## [Task details]
A picture should never appear in your copy. Transcribe the listing exactly from its first line through the line with "thumbnail image 4", both ends included.

=== Section Start ===

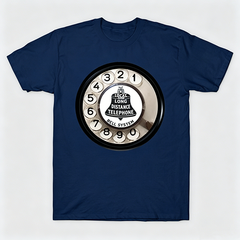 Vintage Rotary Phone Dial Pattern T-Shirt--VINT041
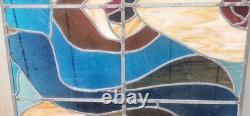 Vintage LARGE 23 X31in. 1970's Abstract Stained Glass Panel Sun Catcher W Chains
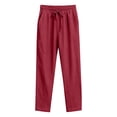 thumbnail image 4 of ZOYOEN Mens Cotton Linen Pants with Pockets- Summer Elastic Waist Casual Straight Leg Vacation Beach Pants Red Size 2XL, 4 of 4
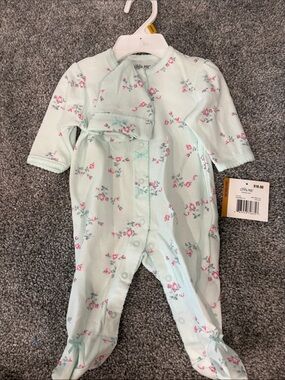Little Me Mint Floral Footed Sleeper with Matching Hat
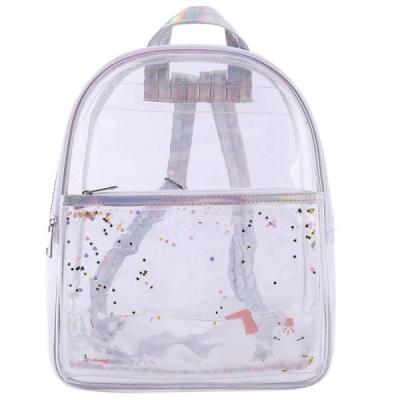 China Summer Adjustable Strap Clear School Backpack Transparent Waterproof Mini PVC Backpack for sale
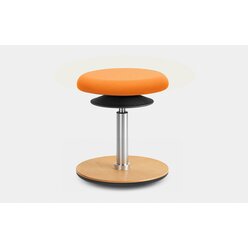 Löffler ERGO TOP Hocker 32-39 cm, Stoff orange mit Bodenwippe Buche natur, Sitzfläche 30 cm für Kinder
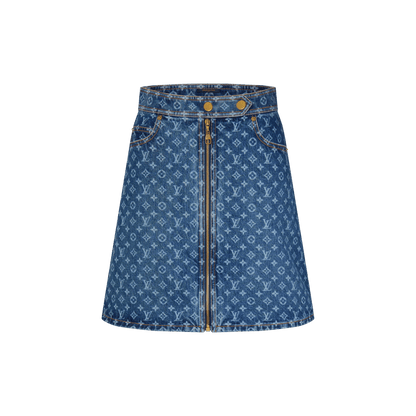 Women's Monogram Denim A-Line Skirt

=== Section End ===

## [The completed task]
 Vintage Rotary Phone Dial Pattern T-Shirt--VINT041
 Vintage LARGE 23 X31in. 1970's Abstract Stained Glass Panel Sun Catcher W Chains
 thumbnail image 4 of ZOYOEN Mens Cotton Linen Pants with Pockets- Summer Elastic Waist Casual Straight Leg Vacation Beach Pants Red Size 2XL, 4 of 4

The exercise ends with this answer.